Sunday, March 15, 2015

Short Takes: Hillary’s Emails, GOP Letter to Iran, Ferguson

HILLARY – the putative 20016 Democratic Party nominee is in hot water over her use of a private email account to conduct government business while she served as Secretary of State.  Even usually reliable media support has been absent as her recent press conference was generally panned as self-righteous obfuscation.

However, stalwart loyalists, such as James Carville, insist that concerns with email privacy and security are inside-the-beltway worries that do not resonate with the general public.

That’s probably true, but a waning of enthusiasm among the liberal media will translate into fewer fawning – and more critical – pieces on Hillary Clinton.  That will result, inevitably, in a decline in her poll numbers.


GOP LETTER – Forty-seven Republican Senators recently signed a letter to Iran warning that a bad nuclear deal endorsed by the President would not bind the U.S. beyond the term of the Obama Administration.

The response of the left was not surprising:  the Senators were being disrespectful to the President.  Even some moderate voices – such as former George W. Bush speechwriter Michael Gerson – were disapproving, viewing the letter as a counter-productive foray into U.S. policy.

Befuddlement, however, was the general media reaction.  It was as if the form of the objection to Obama’s anticipated agreement was all that mattered.

Dana Bash, a conventional liberal CNN anchor, reflected that perspective when she interviewed GOP Majority Leader Mitch McConnell.  She challenged him – he was among the forty seven signers – on the propriety of interfering in US foreign affairs.  The Kentucky Senator properly retorted that the focus should be on the substance of the proposed deal, not the manner in which the issue was brought to the fore.

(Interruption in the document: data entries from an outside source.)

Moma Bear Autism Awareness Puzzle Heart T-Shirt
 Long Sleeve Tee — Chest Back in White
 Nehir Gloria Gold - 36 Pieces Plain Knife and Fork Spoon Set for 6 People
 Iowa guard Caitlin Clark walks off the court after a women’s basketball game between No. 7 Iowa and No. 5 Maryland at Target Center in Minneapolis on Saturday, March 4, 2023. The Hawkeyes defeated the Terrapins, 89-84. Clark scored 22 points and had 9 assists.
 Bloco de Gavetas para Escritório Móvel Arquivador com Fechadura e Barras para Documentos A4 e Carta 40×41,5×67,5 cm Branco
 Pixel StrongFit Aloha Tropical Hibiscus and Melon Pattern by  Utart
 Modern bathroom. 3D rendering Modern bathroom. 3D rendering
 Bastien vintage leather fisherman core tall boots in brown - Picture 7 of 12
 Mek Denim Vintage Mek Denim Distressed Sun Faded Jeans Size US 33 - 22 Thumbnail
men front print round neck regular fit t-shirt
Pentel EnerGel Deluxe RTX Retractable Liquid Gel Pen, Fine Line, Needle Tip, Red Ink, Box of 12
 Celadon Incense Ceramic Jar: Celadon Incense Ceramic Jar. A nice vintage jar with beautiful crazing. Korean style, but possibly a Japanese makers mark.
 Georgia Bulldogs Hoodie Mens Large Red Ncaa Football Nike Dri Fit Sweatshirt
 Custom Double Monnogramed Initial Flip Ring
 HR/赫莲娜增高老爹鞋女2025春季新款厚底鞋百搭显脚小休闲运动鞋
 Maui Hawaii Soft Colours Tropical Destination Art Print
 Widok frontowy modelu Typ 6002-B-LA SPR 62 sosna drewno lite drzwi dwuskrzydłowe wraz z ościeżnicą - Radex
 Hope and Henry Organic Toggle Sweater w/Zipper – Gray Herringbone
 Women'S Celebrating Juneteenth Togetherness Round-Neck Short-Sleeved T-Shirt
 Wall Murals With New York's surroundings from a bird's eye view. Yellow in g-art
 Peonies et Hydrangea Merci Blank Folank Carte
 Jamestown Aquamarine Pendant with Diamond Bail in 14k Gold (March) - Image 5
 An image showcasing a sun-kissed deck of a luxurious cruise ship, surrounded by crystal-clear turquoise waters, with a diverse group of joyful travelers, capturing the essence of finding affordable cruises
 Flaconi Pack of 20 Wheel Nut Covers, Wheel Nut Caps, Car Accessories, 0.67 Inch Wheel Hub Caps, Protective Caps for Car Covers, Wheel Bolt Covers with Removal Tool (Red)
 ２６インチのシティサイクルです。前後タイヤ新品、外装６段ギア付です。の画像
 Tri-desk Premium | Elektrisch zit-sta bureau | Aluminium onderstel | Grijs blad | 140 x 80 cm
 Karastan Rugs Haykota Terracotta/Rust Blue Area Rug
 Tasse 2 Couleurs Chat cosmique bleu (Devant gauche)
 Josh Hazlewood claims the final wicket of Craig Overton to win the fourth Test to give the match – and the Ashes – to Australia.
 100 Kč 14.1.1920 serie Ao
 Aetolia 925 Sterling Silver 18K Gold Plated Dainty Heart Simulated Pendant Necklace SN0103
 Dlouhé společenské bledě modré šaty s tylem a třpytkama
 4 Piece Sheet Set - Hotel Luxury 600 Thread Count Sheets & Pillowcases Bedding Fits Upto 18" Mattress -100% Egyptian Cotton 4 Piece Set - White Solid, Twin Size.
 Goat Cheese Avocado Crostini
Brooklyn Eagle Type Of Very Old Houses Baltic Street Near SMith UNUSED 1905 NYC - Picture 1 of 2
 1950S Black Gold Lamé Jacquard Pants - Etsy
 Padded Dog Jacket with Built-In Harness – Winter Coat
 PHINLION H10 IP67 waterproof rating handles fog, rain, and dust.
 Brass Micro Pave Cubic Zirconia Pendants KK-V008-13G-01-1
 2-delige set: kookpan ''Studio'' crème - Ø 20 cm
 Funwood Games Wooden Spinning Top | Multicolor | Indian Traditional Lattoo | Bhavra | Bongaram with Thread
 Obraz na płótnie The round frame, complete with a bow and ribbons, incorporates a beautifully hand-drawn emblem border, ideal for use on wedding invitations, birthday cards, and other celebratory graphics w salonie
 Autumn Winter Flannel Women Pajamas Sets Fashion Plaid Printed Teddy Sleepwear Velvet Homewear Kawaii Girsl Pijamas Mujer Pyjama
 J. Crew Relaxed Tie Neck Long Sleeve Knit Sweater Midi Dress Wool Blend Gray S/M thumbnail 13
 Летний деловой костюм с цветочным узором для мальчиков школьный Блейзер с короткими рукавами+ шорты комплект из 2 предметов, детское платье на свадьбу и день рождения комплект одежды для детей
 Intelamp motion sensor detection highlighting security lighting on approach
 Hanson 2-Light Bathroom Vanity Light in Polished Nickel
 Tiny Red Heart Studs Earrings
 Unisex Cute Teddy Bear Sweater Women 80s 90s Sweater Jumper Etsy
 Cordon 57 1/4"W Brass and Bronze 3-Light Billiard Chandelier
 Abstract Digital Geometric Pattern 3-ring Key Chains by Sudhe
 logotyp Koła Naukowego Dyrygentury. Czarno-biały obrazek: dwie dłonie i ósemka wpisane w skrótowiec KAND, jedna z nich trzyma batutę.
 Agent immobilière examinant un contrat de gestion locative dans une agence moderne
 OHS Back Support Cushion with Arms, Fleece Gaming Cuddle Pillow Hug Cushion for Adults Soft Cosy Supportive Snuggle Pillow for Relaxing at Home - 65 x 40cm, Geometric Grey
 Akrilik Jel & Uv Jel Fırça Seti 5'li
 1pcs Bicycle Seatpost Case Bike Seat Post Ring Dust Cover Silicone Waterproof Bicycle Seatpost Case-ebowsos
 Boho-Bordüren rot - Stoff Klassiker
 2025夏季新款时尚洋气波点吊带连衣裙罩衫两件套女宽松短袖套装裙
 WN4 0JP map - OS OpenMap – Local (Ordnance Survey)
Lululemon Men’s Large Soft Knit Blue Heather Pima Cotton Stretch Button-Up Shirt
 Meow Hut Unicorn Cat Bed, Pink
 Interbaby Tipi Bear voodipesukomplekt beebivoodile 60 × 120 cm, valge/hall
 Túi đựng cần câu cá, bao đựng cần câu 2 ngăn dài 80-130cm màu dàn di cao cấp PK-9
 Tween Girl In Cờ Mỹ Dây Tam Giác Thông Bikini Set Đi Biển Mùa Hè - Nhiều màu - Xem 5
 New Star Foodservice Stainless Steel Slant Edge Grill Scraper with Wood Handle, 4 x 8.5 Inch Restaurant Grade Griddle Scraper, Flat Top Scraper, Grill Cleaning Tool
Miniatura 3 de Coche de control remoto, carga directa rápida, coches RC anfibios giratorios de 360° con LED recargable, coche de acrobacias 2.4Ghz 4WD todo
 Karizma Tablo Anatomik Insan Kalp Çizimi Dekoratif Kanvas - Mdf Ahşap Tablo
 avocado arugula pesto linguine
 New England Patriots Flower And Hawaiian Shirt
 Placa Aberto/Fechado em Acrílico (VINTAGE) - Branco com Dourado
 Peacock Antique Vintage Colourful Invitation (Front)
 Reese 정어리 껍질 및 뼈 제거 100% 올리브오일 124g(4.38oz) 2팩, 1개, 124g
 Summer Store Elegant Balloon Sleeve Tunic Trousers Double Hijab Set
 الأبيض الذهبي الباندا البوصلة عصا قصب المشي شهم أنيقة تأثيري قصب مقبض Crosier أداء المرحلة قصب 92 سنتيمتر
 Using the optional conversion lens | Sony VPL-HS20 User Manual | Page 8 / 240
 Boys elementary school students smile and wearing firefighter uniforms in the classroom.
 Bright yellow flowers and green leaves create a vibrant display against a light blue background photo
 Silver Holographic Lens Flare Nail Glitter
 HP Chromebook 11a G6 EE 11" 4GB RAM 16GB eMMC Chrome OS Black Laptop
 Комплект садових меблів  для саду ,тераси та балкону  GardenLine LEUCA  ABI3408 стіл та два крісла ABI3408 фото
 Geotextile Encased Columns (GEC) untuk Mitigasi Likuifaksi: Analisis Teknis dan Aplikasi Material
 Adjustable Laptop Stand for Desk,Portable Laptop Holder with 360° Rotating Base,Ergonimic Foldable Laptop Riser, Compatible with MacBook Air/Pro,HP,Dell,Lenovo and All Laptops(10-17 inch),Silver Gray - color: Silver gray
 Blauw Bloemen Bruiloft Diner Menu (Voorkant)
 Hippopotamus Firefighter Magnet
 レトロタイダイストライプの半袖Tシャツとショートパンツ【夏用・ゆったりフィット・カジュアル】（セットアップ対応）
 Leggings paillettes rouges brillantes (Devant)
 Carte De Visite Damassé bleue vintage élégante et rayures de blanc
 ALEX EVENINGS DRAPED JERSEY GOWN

FERGUSON – The Obama Department of Justice, under the guise of investigating possible civil rights violations by the police officer who shot and killed Michael Brown, has issued a report accusing the city’s police department of rampant racism (based on the questionable claim that disparate arrest rates are sufficient proof).

Receiving less attention, however, was the conclusion that the widely- disseminated claim that Brown was shot while surrendering (“hands up-don’t shoot”) was an apparent fiction unsupported by evidence.
  
Did those who had promulgated the false narrative – and thereby fed the police bias in the community – apologize and express regret for jumping to conclusions?

Dream on.  No, the typical response was to insist that it really didn’t matter to the sometime violent protesters whether or not Brown had been justifiably shot.  In a laughable re-write of what had actually happened, leftists are now insisting, in effect, the chants of “no justice, no peace” were aimed at uneven arrest rates.